As you can see, models makes it possible to attach behavior to the rows fetched from the database and this alone will help you cleanup a lot of inline data transformations.

There is a lot more to uncover with Data models. We recommend you to read the dedicated guide for better in-depth understanding.

Schema migrations

Schema migrations enables you to programmatically create/alter database tables. At first, schema migrations may feel trivial, as one can login to a GUI application like Sequel Pro and can manually create tables.

However, the manual process has its own set of shortcomings like.

  • Production database must be exposed publicly for a GUI application to connect.
  • Schema changes are not tied to deployment workflows and manual intervention is always required.
  • There is no history around the evolution of the database.

The schema migrations addresses all of the above issues by offering a robust layer for managing database changes as code. Make sure to read the schema migrations guide for better understanding.

Seeds & Factories

Every application under development needs dummy data at some stage. It can be during tests, or when sharing your code with a colleague.

One option is to manually insert data using a GUI application, but a better approach is to automate this process and this is where seeds and factories comes into the picture.

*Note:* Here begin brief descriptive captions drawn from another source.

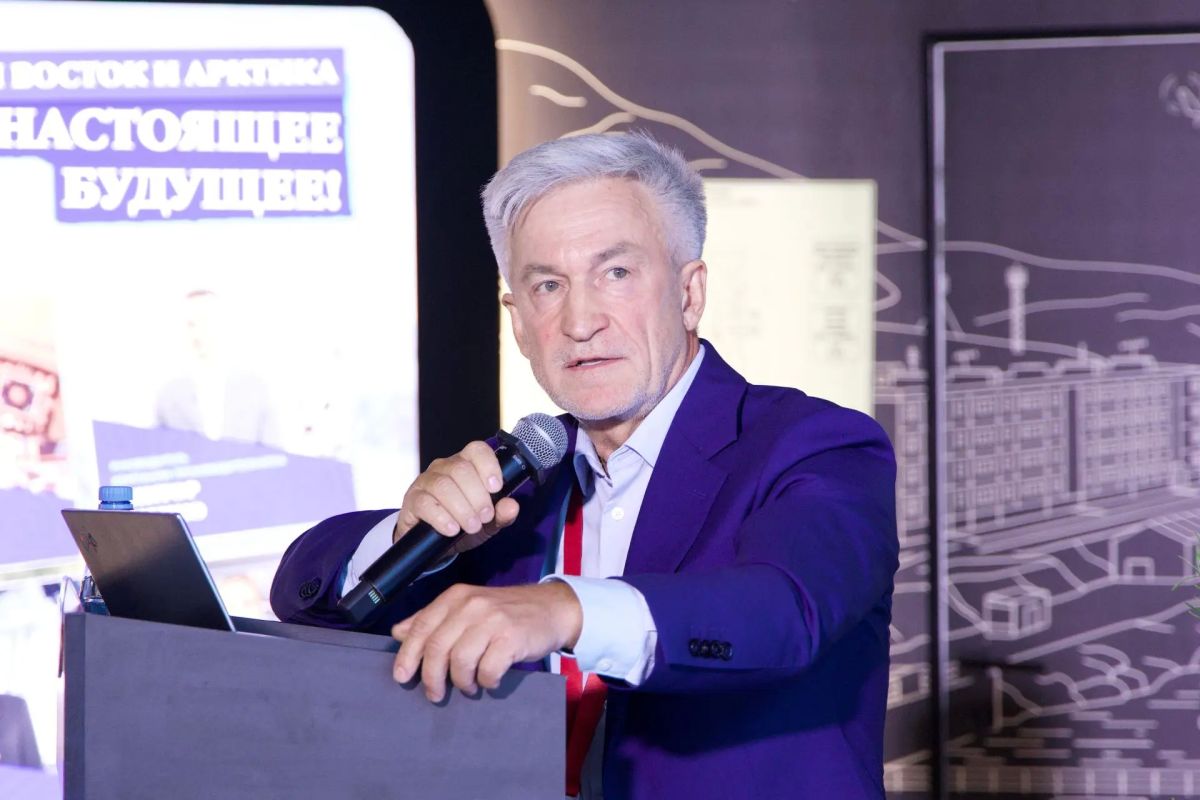 Амурская область ищет управленческие таланты на ВЭФ-2026: Павел Матюхин встретился с курсантами «Муравьев-Амурский 2030» Амурская область ищет управленческие таланты на ВЭФ-2026: Павел Матюхин встретился с курсантами «Муравьев-Амурский 2030»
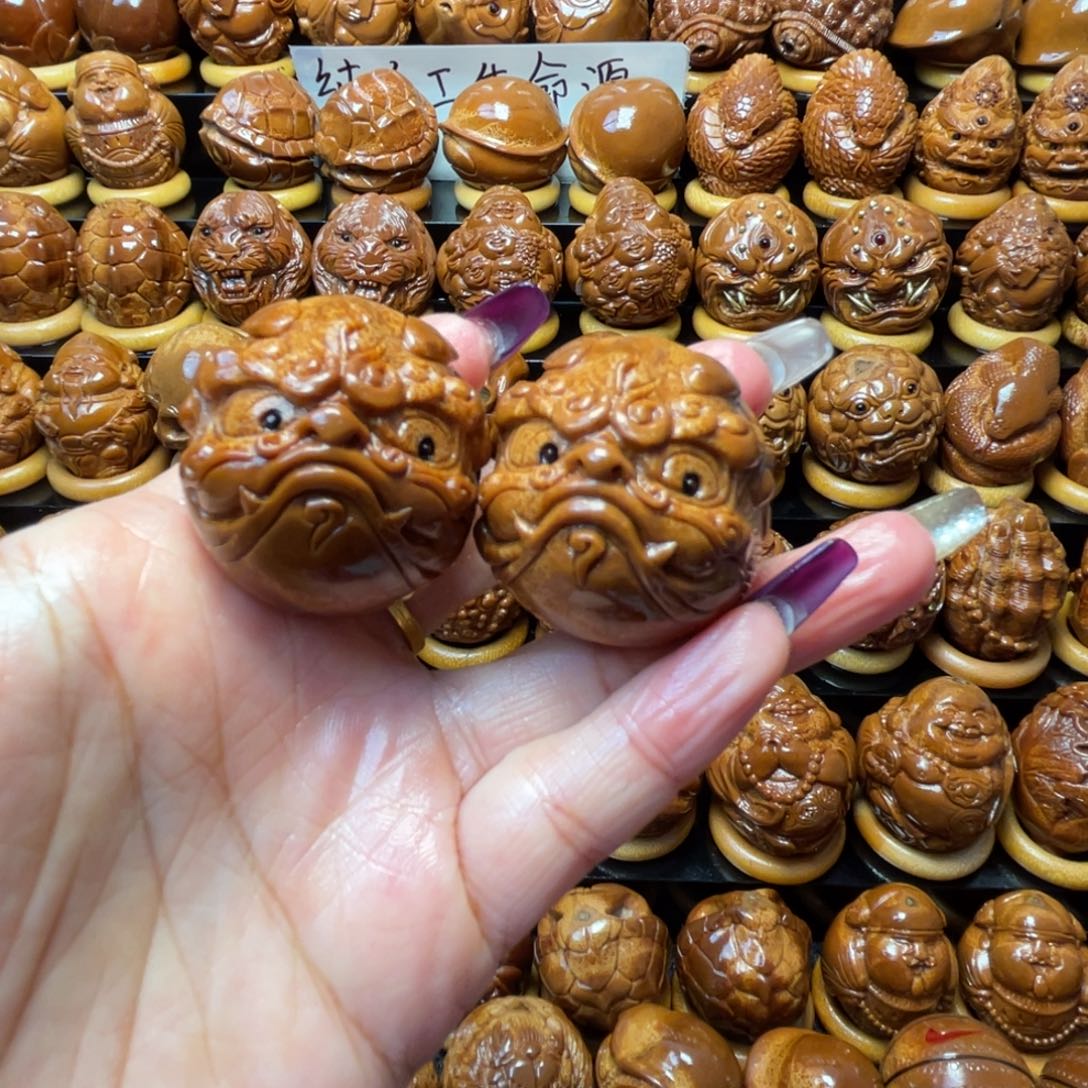 橄榄核把件橄榄球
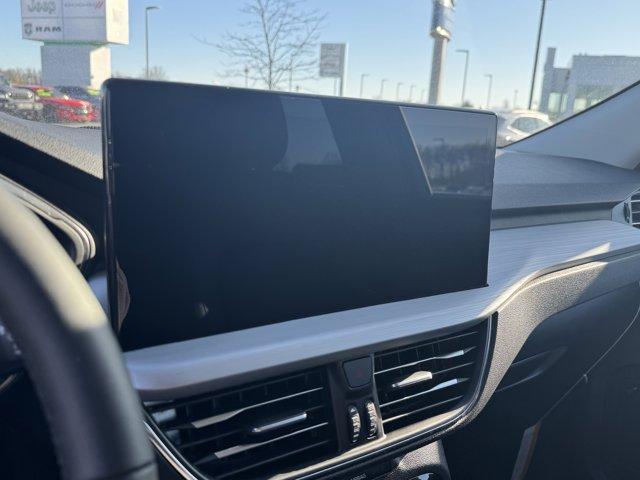 new 2026 Ford Escape car, priced at $33,394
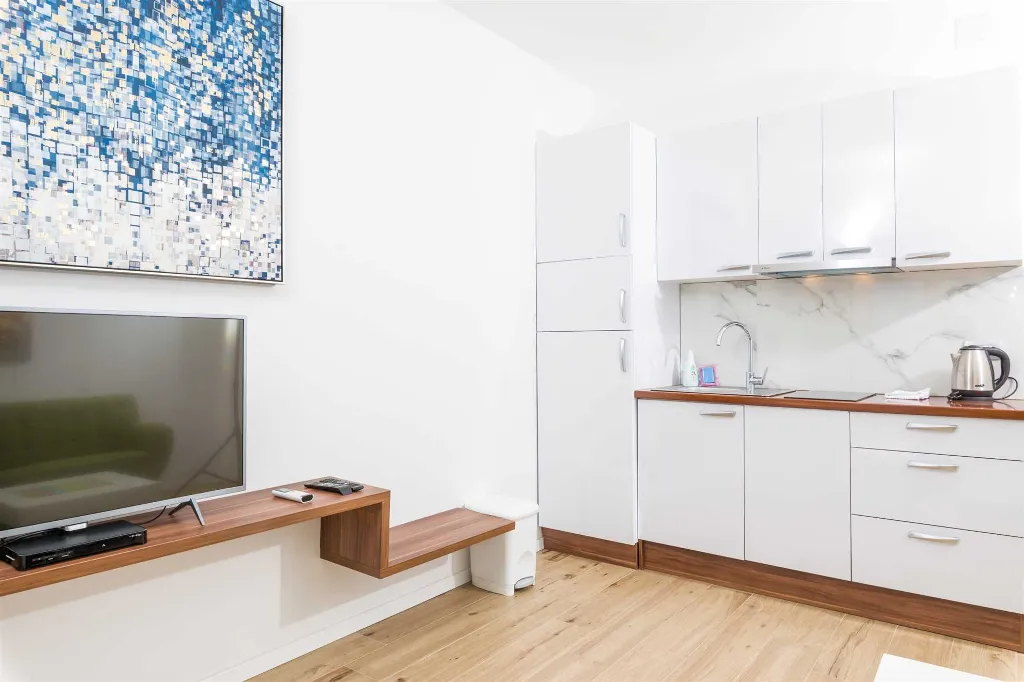 Two-Bedroom Apartment in Jelsa for 4 Guests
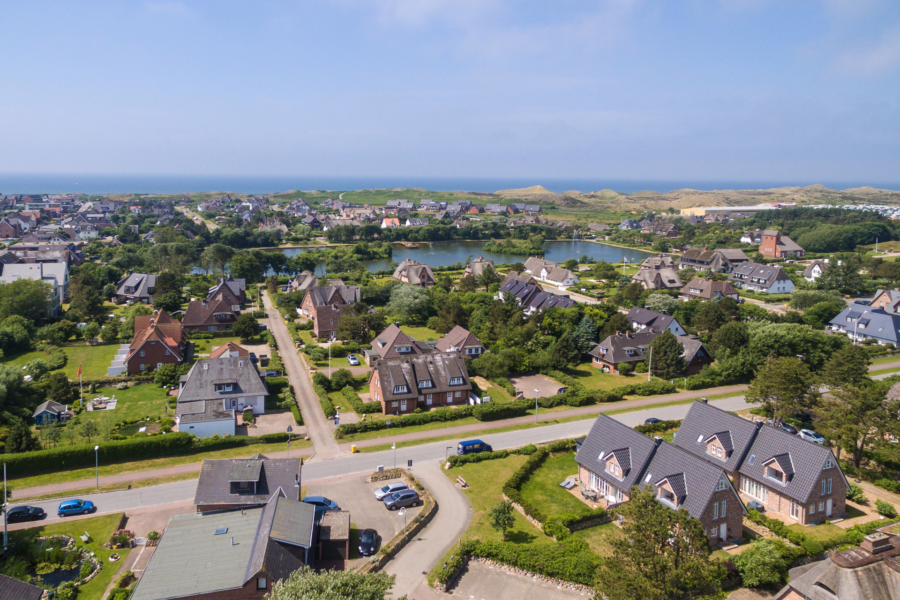 Bild - Ruhige 3-Zimmer-Wohnung am Dorfteich in Wenningstedt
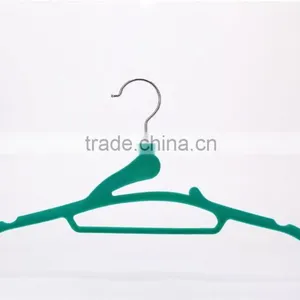 Velvet Flocked Clothes Hanger thumbnail-2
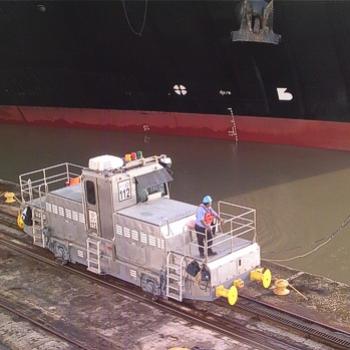 <b>Electric "Donkey" engine which pulls ships through the locks of the Panama Canal. Jan. 2011 - Bev, AB</b> <b>Electric "Donkey" engine which pulls ships through the locks of the Panama Canal. Jan. 2011 - Bev, AB</b>
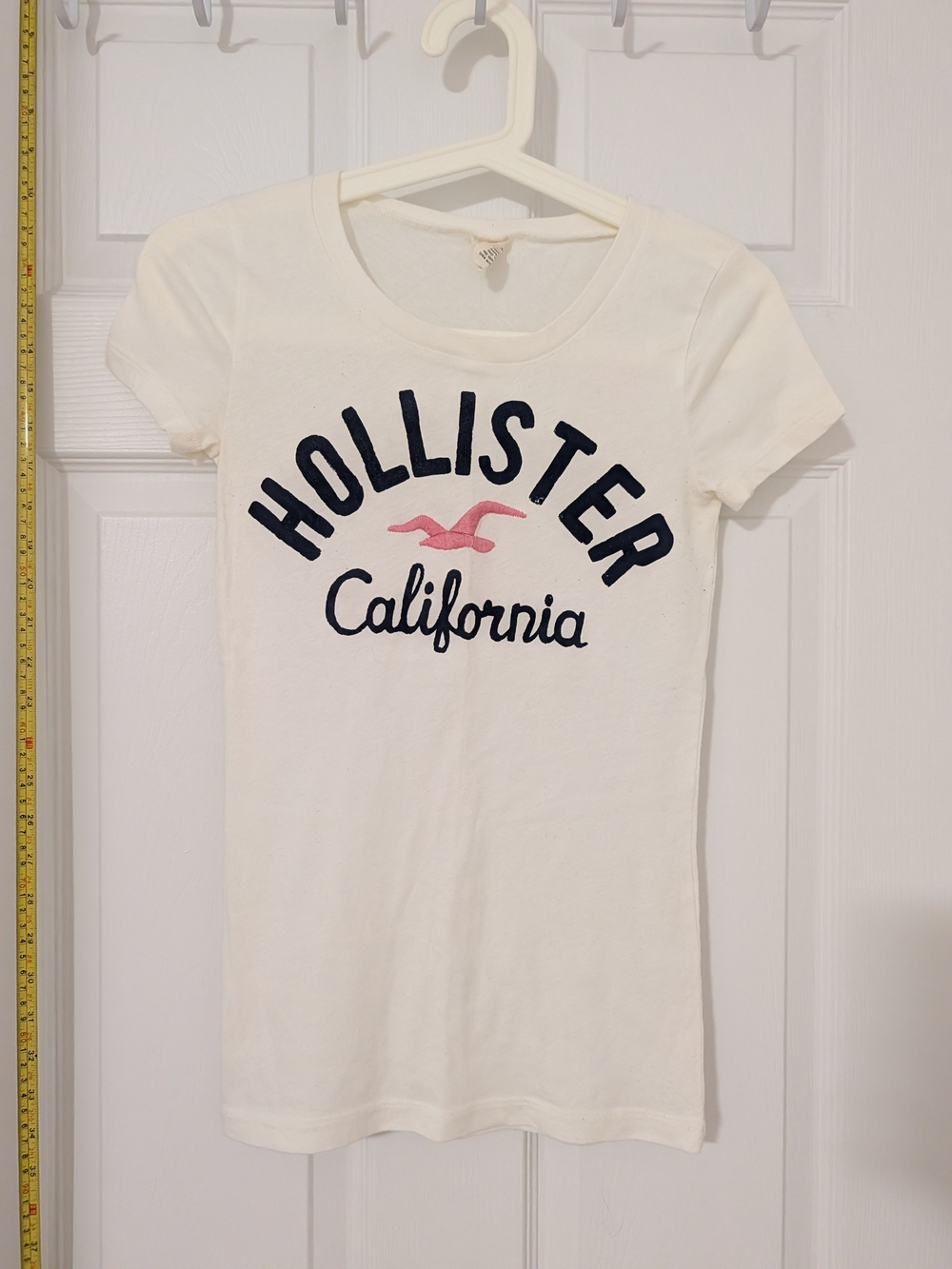Hollister California Women's Cream Logo Tee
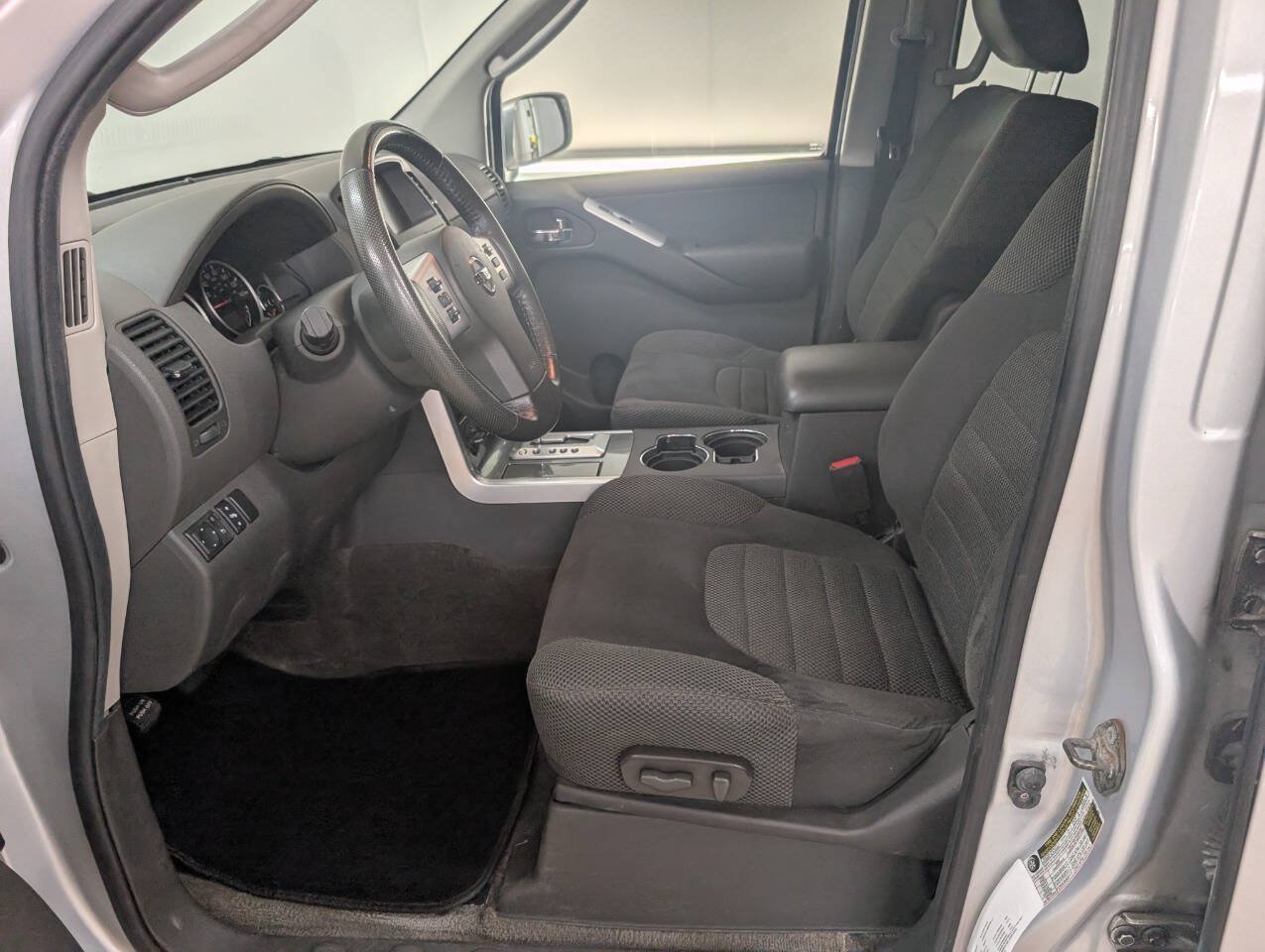 Used 2011 Nissan Pathfinder S AWD/4WD image 7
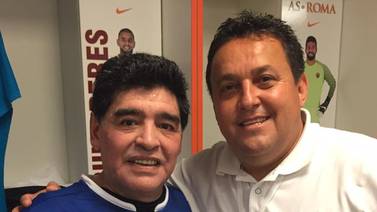 Liguista se da el taco de tener chema que le regaló Maradona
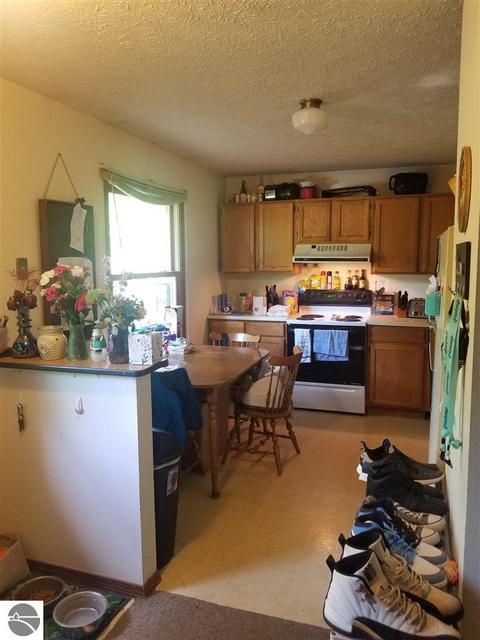 4381 4379 Eagle Crest Dr, Williamsburg, MI 49690 photo 12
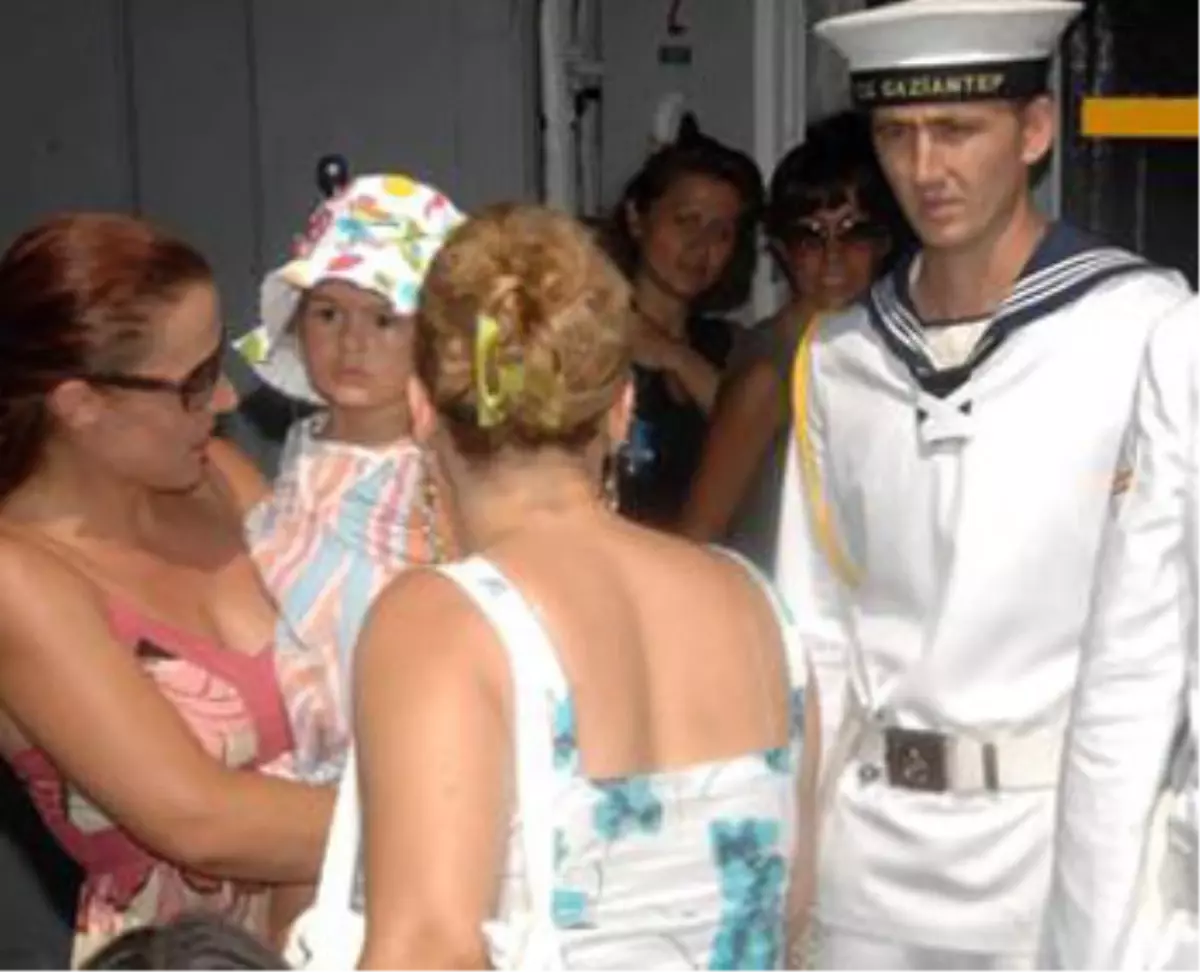 Türk Deniz Görev Grubu Döndü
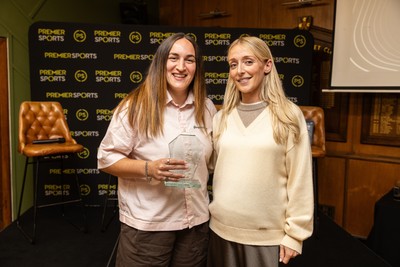 150926 - Welsh Rugby Writers’ Association Annual Awards, in association with Premier Sports - Liza Burgess award for Wales Women's Player of the Year – Courtney Keight (Sale Sharks Women & Wales Women), presented by Lauren Salter
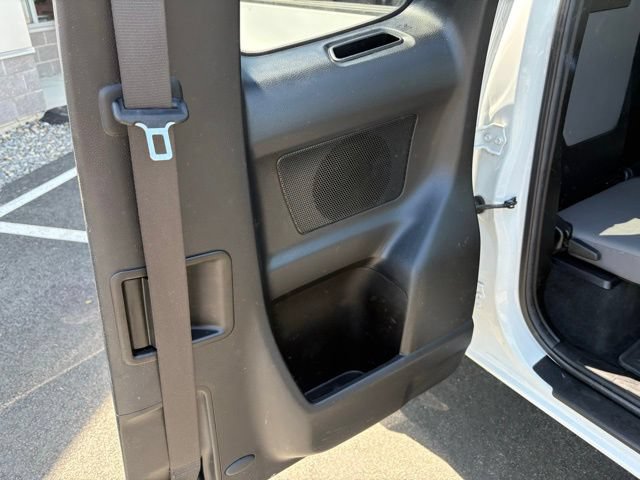 Used 2022 Toyota Tacoma SR5 w/ SR5 Appearance Package (SM) AWD/4WD image 22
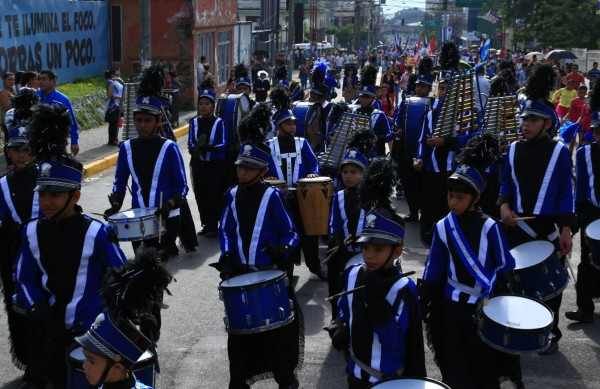 Colegios de Honduras continúan hoy desfiles de fiestas patrias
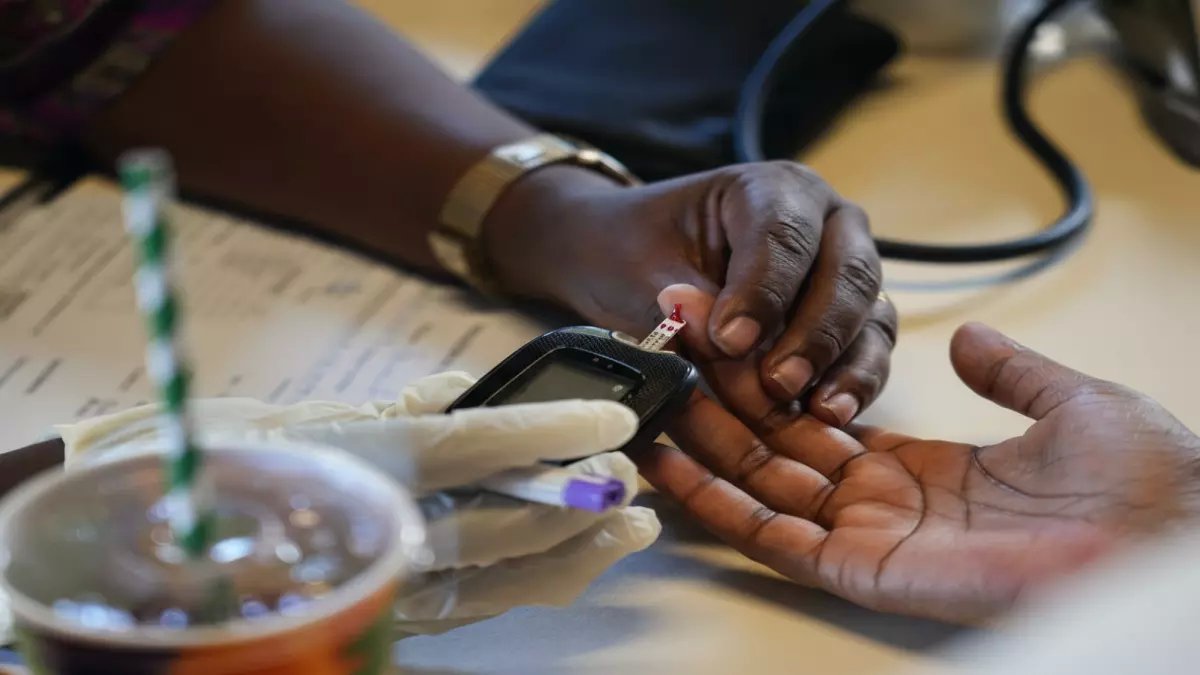 عاجل: شركة أميركية تكشف سراً طبياً ثورياً في السعودية... علاج السرطان الذي سيغير المنطقة!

  • Seeders allows you insert data to your database by running a single db:seed command.
  • Based upon the amount of data you want to seed, manually typing values for each row can be tedious. Factories helps you with generating fake data on the fly.
  • Combining seeders and factories together, you end up with a very robust system seeding database without manual intervention.

We recommend reading the dedicated guide on seeds and factories for in-depth understanding.